The resulted, followed up by Paraguay’s surprise defeat of Türkiye, cemented the Stars and Stripes’ place atop Group D and punched their ticket to the knockout stages with a match to spare. Freeman left the pitch a hero with his first-ever World Cup goal.
Yet, before Friday, there was another “Freeman” whose name echoed throughout American households for nearly a decade: Antonio Freeman, Alex’s father. The former NFL wide receiver, now 54, starred for the Green Bay Packers, playing eight of his nine total seasons in Wisconsin, including back-to-back Super Bowl appearances (1996, 1997) and winning Super Bowl XXXI (1996). In 1998, the elder Freeman took the league by storm with 1,424 receiving yards and 14 touchdowns on 84 receptions, earning a Pro Bowl selection and First-Time All-Pro honors. It ultimately landed him in the Packers’ Hall of Fame.
Yet if Antonio dominated the game of “football,” why did Alex choose “fútbol” instead?

‘This Happiness on the Soccer Field’

Alex, born in 2004 as the youngest on the USMNT roster, started out playing both American football, soccer and even a bit of basketball growing up; however, it quickly became evident that soccer was his primary love.

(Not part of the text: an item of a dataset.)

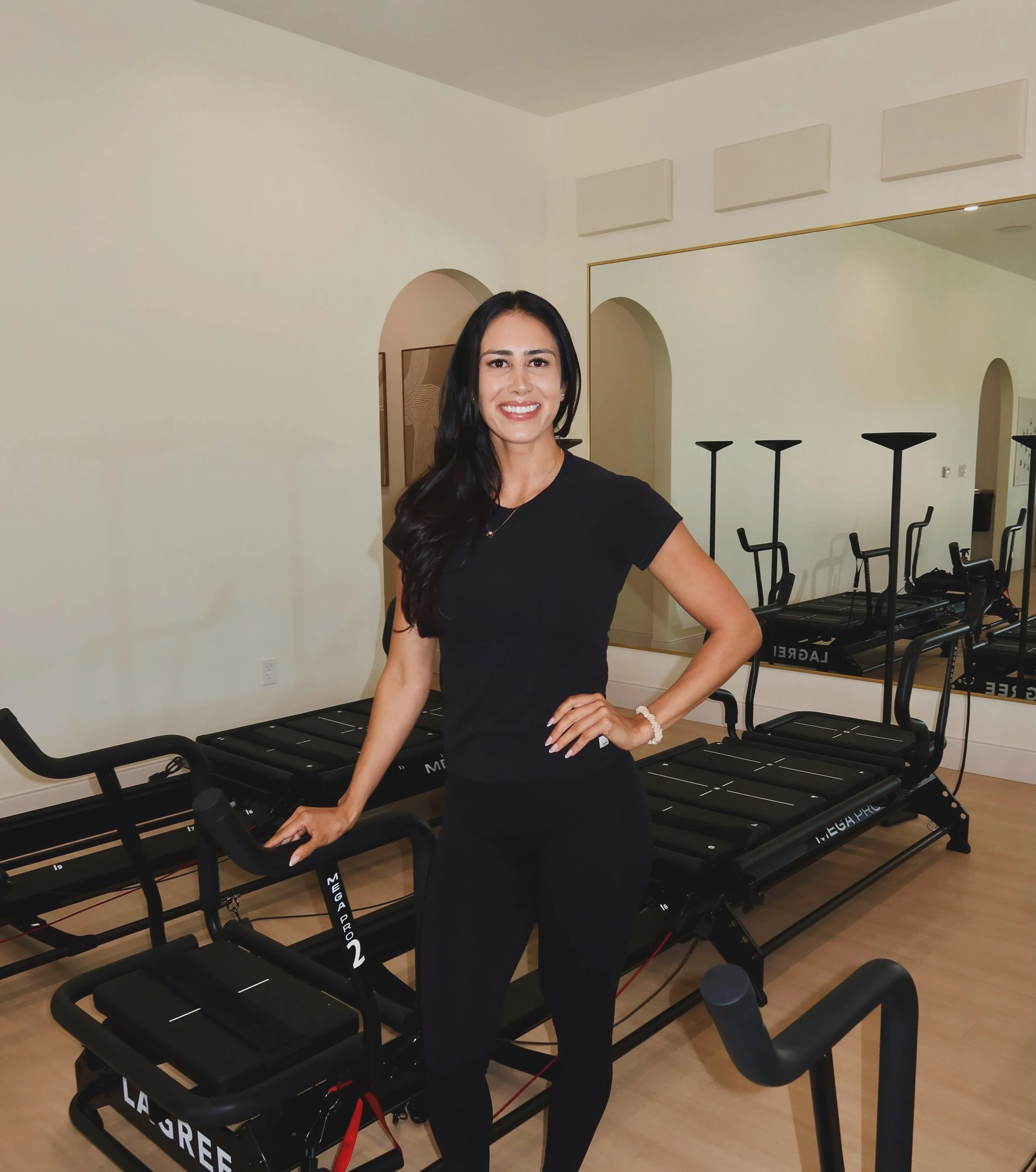 MEET ELIZABETH ✨

Elizabeth has been teaching Lagree since 2023 and loves how it builds strength, control, and confidence. A former collegiate soccer player at Angelo State University and a Physician Assistant, she brings a strong appreciation for mo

“I had dreams of coaching him in football and basketball and showing him how to shoot a 3-pointer, make a pump fake and different things,” Antonio told ESPN. “But his joy was on that soccer field, and when he became a teenager, he just played more and more soccer.”
“It was soccer every day, all day. He was watching it on his iPad, he was kicking the balls around the house against the furniture, which you're not supposed to do. He kicked everything. It didn't matter what it looked like, he would just kick it. And he just grew into the sport.”

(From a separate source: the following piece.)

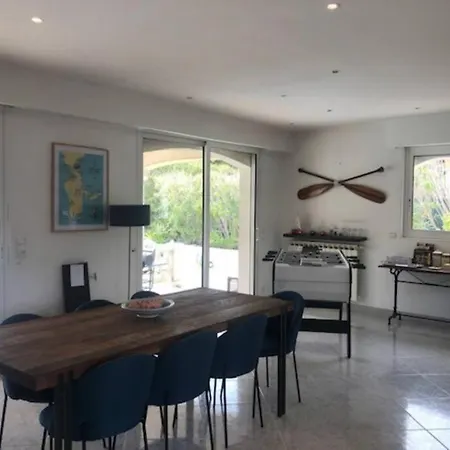 Villa Avec Piscine, 3 Chambres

It didn’t hurt that Alex had quite a knack for soccer, too.
“It was almost mesmerizing going to his soccer games and just every other word from all of the kids, was ‘Freeman, Freeman, Freeman, Freeman, Freeman,’” Antonio added. “And he just had this smile and this happiness on the soccer field. Even though he was good at other sports, that one seemed to come the easiest.”

Antonio knew Alex was always going to choose soccer, yet the decision didn’t appear as crystal clear to his son.

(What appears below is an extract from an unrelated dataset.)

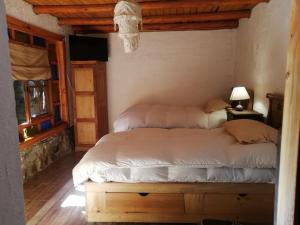 a bedroom with a bed in a room at Posada la Piedra in Constitución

“I had my doubts when I first chose soccer,” Alex told ESPN. “In my heart, I wanted to continue playing football, but I knew that if I wanted to be the best, I had to limit my area of concentration and I had to limit it all to soccer at that point.”
Alex joined Orlando City’s youth academy in 2020 as young teen, slowly working his way up the ranks of the MLS side before making his first team breakthrough in the 2025 season. His career skyrocketed from there, seeing him secure a spot in the 2025 MLS All-Star Game and debuting for the USMNT in June of that year.
He moved up to Spanish La Liga’s Villarreal this January for a transfer fee of $4 million with incentives up to nearly $7 million, becoming the third-biggest outgoing transfer in Orlando City’s history and the most expensive academy product that the club had ever sold.
Antonio had a limited knowledge of soccer, yet as a highly successful athlete, he still ingrained values in Alex that the young star relies on today.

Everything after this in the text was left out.